During their next game, Luke disappoints as the quarterback and even asks Eric to get Vince back on the game. He refuses, staying firm on his decisions, and advices him to prove his worth. Luke eventually leads the team to a comeback, winning the game and earning a spot in the playoffs. After the game, Luke introduces Becky as his girlfriend to his parents and they agree to go dining. Back in Chicago, Matt bids farewell to a heading-back-to-college Julie, assuring her that everything will work out as they both reaffirm their love for each other.

==Production==
===Development===
The episode was written by executive producer David Hudgins, and directed by Chris Eyre. This was Hudgins' tenth writing credit, and Eyre's second directing credit.

==Reception==
===Viewers===
In its original American broadcast on NBC, "Gut Check" was seen by an estimated 3.07 million household viewers with a 0.9/4 in the 18–49 demographics. This means that 0.9 percent of all households with televisions watched the episode, while 4 percent of all of those watching television at the time of the broadcast watched it. This was a 5% increase in viewership from the previous episode, which was watched by an estimated 2.91 million household viewers with a 0.8/3 in the 18–49 demographics.

===Critical reviews===
"Gut Check" received critical acclaim. Keith Phipps of The A.V. Club gave the episode an "A–" grade and wrote, "All this is remarkably well handled by all involved. The Vince storyline has burned slowly but intensely all season and it now feels all the more explosive for the time it's taken. Superstars don't become ego casualties overnight. Bonds don't fray quickly and the show has made us feel the strain before the snap. That the show has given no suggestion it will end well makes it all the more effective."

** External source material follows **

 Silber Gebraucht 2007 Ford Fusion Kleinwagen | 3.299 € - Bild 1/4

Alan Sepinwall of HitFix wrote, "'Gut Check' is all about reality beating the holy hell out of fantasy, as almost nothing turns out the way our characters have planned it." Ken Tucker of Entertainment Weekly wrote, "one of the things that makes FNL so engrossing is its willingness to go off in all sorts of directions, some of which pay off magnificently, while others pay off aimlessly. Such is life. And TV. This week’s episode, “Gut Check,” took a number of off-the-field swerves that may or may not pay off."

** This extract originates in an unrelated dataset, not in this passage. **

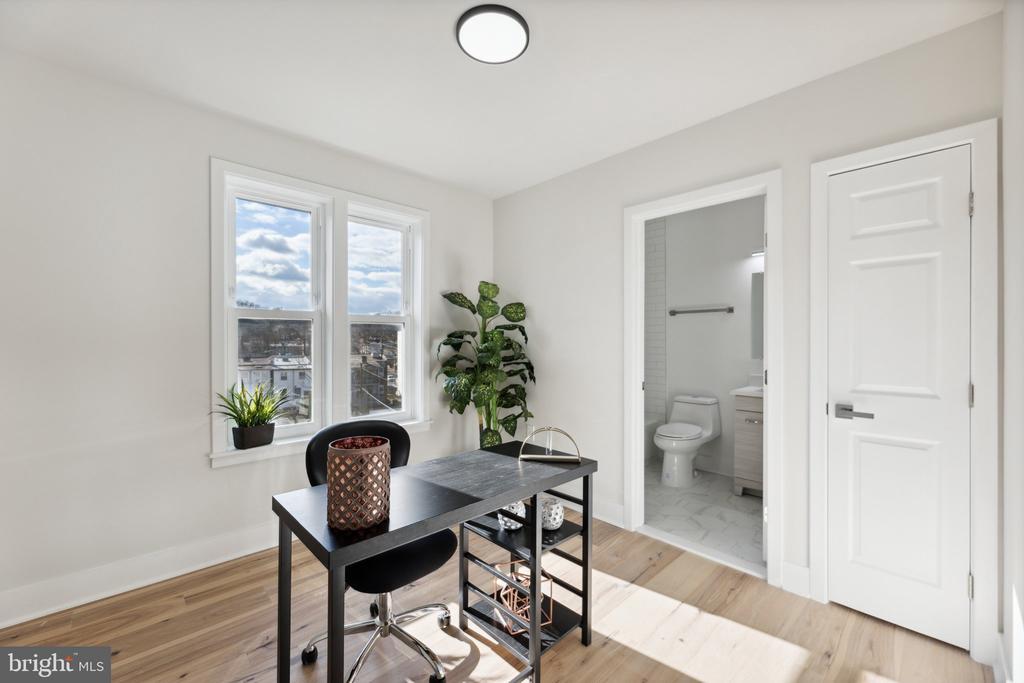 1621 T STREET SE Unit: 8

Andy Greenwald of Vulture wrote, "'Gut Check,' while a definite dip in quality from the last few (excellent) episodes, is made considerably worse by sacrificing any shred of gridiron plausibility in pursuit of compelling story." Jen Chaney of The Washington Post wrote, "The Lions managed to squeak out a win, making Luke the hero, but playing the farm boy was clearly a risky move on Eric's part."

Leigh Raines of TV Fanatic gave the episode a 4 star out of 5 rating and wrote, "Things are falling apart for the residents of Dillon, Texas. In "Gut Check" everyone had some sort of assessment or evaluation to make." Television Without Pity gave the episode an "A–" grade.